A parrot and a timber wolf ain't nothing to mess with.

Mutt and Dusty
Photos: Hasbro

G.I. Joe: A Real American Hero Season 1, Episode 2
"The Pyramid of Darkness Part 2: Rendezvous in the City of the Dead"
Original Airdate: September 17, 1985
Writer: Ron Friedman
Director: John Gibbs, Terry Lennon
Cast: Neil Ross, Frank Welker, Bill Morey, Bill Ratner, Mary McDonald-Lewis, Hal Rayle, Arthur Burghardt, Will Ryan, Kene Holliday, Pat Fraley


G.I. Joe's inaugural week as daily appointment viewing continues with the 12th of 15 overstuffed episodes designed to introduce every single character and contraption released in the toy line's first four years. And somehow, every one of the storylines being juggled by screenwriter Ron Friedman feels the need to include even more stuff — stuff that was never rendered in plastic by Hasbro. Let's get into it!

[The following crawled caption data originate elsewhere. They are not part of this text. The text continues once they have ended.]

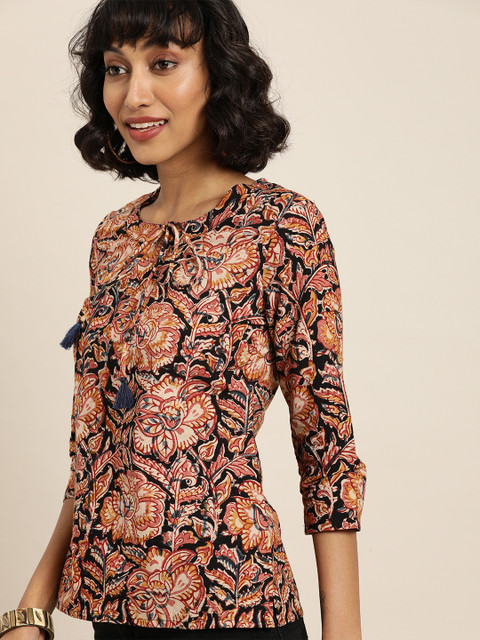 

Taavi Women Red & Black Kalamkari Hand Block Print Sustainable Pure Cotton Top with Roll-Up Sleeves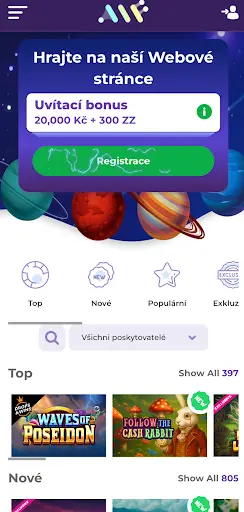 Mobilní verze webu online kasina s uvítacím bonusem 20 000 Kč + 300 zatočení zdarma, tlačítkem Registrace a nabídkou kategorií her.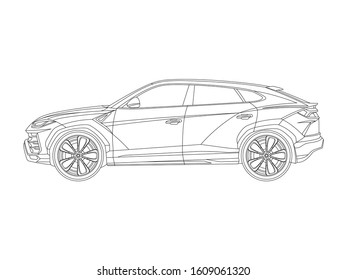 outline side view drawing of a car.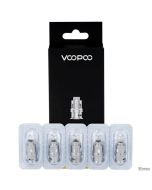 VooPoo PnP replacement coils 5-pack: black retail box with coil graphic and five individually sealed blister-packed coils lined up in front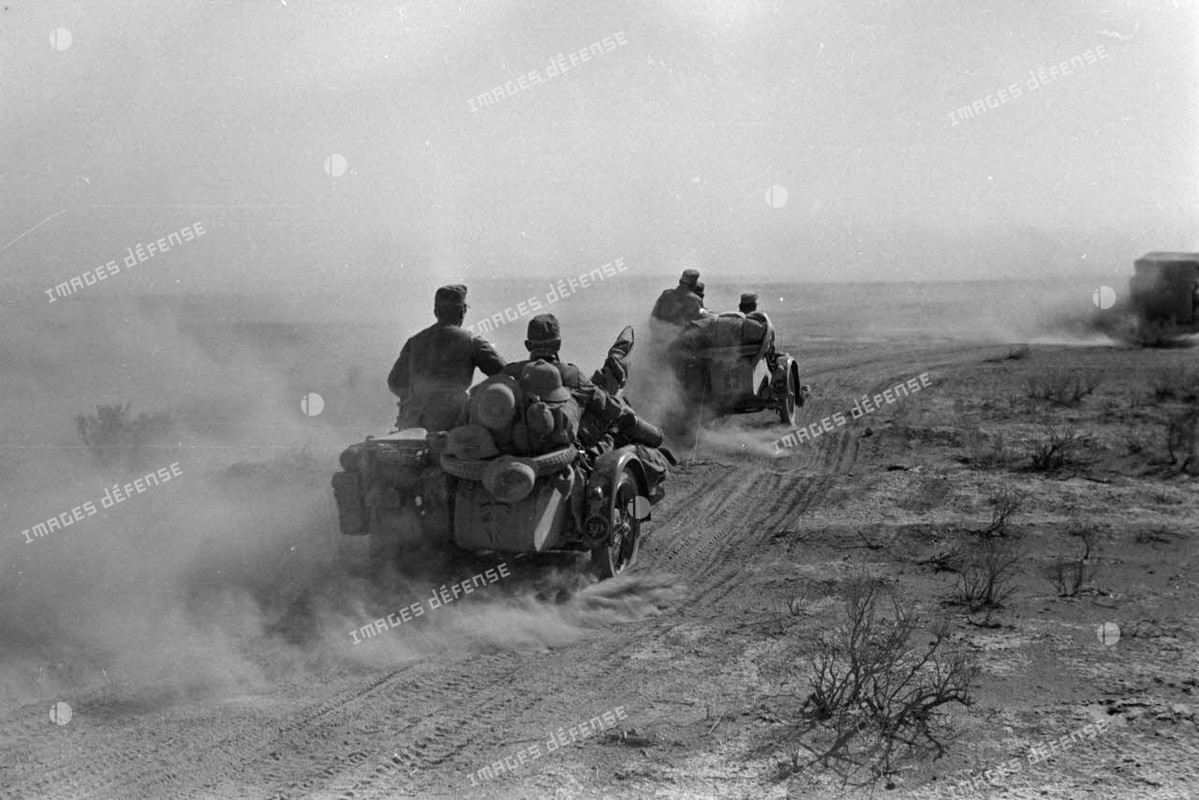 Side-cars qui roulent dans le désert 1941 (5)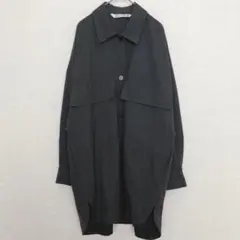 ザラ|ポケット オーバーサイズシャツ【XS】ロング丈　ダークグレー ゆったり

As is always the case, last episode's cliffhanger (an undercover Shipwreck and Snake Eyes get caught by a security robot, triggering the obligatory jail bars and buzzsaws) is immediately resolved. It turns out Polly — Shipwreck's sidekick/pet parrot — has the exact right intonation for the passphrase, "Cobra Commander, the great snake rules forever!" The MVPs of this episode are absolutely Polly and Snake Eyes' wolf, Timber.

Now past security, these undercover Joes see what Cobra's up to. This is a Control Cube factory. Shipwreck plants a tracking device on one of the finished cubes only to be spotted by a floor supervisor who accurately clocks that these two Snakelings are walking around with animals. Shipwreck — who is actually really good at being a spy, despite also being Popeye Nicholson — leans in and tricks the supervisor into believing that the bird and wolf are Destro's pets. "Hitler had a canary," Shipwreck says, which is so in character, hilarious, actually convincing, and a bit surprising — y'know, hearing the name "Hitler" in a cartoon. Also: apparently "Hitler's canary" was a nickname for Denmark and not an actual canary. History lesson!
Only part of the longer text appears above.